Thursday, August 13, 2009

Database backups, and lock time

Running a service creates data. Running a service for a long time creates lots of data.

In this case, the WMS and LB servers - we're sitting with about 18GB on each LB. This is not a problem - they're well indexed against the usual queries (out of the box, no fiddling required), so the old data isn't really noticed.

Until you take a backup.

Then, in order to get a consistant backup, it's locked for however long it takes to dump all that data. Which is about 45 minutes.

That's too long - it means we have some time when it's not available, it's getting noticed. So, how can we take a backup, without locking the database for so long?

There's various options for that, but the best looking (read: simplest) one is to enable binary logging in MySQL. Because the tables used are all InnoDB, which is transactional, this means that the backup can mark a position in the log, and then use that to _not_ backup operations that came after it - which results in a consistant backup. (If your using any MyISM tables, which are not transactional, you can't do this. Hence the use of LVM snapshoting or other exotic techniques).

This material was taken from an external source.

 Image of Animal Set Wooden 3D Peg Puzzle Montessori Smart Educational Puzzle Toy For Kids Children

This it really simple: in the my.cnf for each service, put 'log-bin' (without the quotes) in the [mysqld] section, and restart.

Binary logging is now enabled.

Next, to take a lock free [0] dump, add the --single-transaction flag to mysqldump.

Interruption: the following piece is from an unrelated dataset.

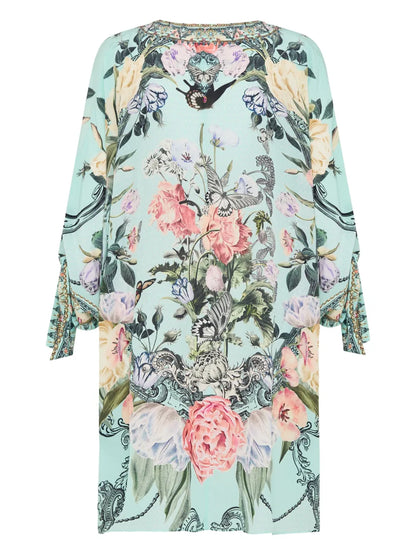 Petal Promise Land-Print Silk Dress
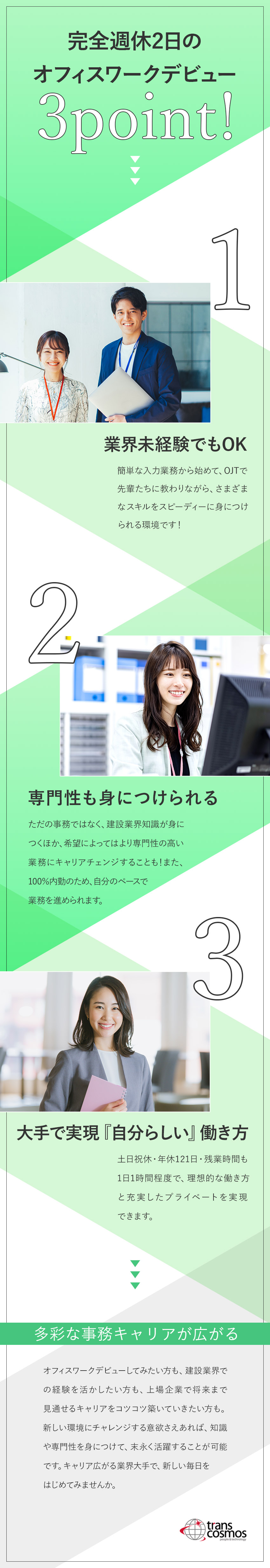 安定性◎プライム市場上場／研修・資格取得制度が充実／成長◎建設の実務経験不要／イチからしっかり学べます／働き方◎残業少なめ！完全週休2日でプライベート充実／トランス・コスモス株式会社【プライム市場】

The time taken to actually dump the data to disk won't change, but the database won't be locked for that time.

I did this for one of our LB servers, and then, while the dump was running, submited a job through the WMS. The job was assigned to the LB I was dumping, proving it can be written to, and has now completed, while the dump hasn't yet finished.

I've modified our usual backup script, so that if it detects the presence of /var/lib/mysql/${hostname}-bin.index, which is the index for the binary log, it automatically uses --single-transaction. That way, we still have a single backup script, but it does it the best way possible.

There are a couple of downsides to binary logging: It means the DB has to write more data to disk, so is about 1% slower. As the services are not running at 99% of the cpu, that's ok for us. It also means that each new piece of data is stored twice - once in the DB, and once in the log. Therefore the data storage need grows twice as fast - faster, if there are deletes to the database. I'm looking at an 18GB database - so this won't be a problem. Also, you can purge old logs, so I don't feel that this is a problem any more than the risk of the database expanding over the partition size is.

One thing I'll be looking at is useing the binary logs to take an incremental backup. That'll still not lock the database, but will also be much smaller and faster to take. That's a bit more complicated to arrange, so it'll go into the pile of 'ideas that look nice, but we don't think we need it yet'

As an aside, I think this has to go down as one of the more anticlimatic updates - it was simple, quick and just worked. Unless disk space is very tight, I can't see why one wouldn't enable it.

[0] Technically, it takes a lock, waits for all pending transactions to complete, marks the log position, then releases it. If you have slow operations in flight, it locks it for the duration of that operation.